With a desire to have more competitive and technically-advanced sleds to compete head-to-head with the international elite, USA Luge partnered with Dow (NYSE:DOW), Worldwide Olympic Partner and “The Official Chemistry Company” of the Olympic Games, to re-engineer the team’s sleds leading up to the Sochi 2014 Olympic Winter Games. Leveraging its industry-leading capabilities in Materials Science and Research & Development, Dow developed a brand-new, made in America sled at its Michigan Operations’ Core R&D division, in Midland.
Having Dow as a technical partner since 2007, USA Luge had previous collaborations with the Company on spot projects. But the game-changing program to upgrade the team’s equipment for the Sochi 2014 Olympic Winter Games began in February 2012, with specific emphasis on updating the kuffens – or runners – of the sleds. As the work between Duncan Kennedy, head of technical development for USA Luge, and Dow’s world-class scientists began to evolve, the partners quickly realized that much more could be done to update the sleds.
Focusing on material selection – over 20 different materials had been tested -, design, manufacturing and extensive testing in laboratory and on the track with athletes, Dow has developed a faster, replicable, more consistent and reliable sled for USA Luge, delivering innovations that help maximize athlete performance.
“In a sport timed to the 1/1000th of a second, every detail counts.

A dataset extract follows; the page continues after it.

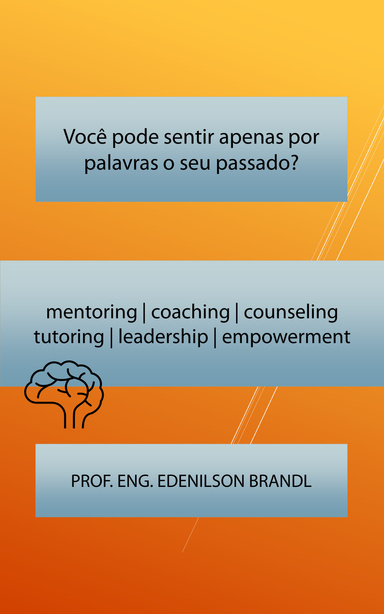 Você pode sentir apenas por palavras o seu passado?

Our team needed the precision, consistency and repeatability provided through applied research and modern manufacturing processes - components added by Dow and its team of world-class scientists. Through our partnership with Dow, we are much closer to a more consistent, perfectly tuned and faster sled,” said Kennedy, a three-time Olympian.To re-engineer the sleds, Dow’s Materials Science team leveraged technologies and composites applied to customers in strategic markets like Automotive, Infrastructure, Transportation, Building & Construction. The solutions tailored for USA Luge have shown improved performance versus the materials previously used for the sleds - mainly steel and wood.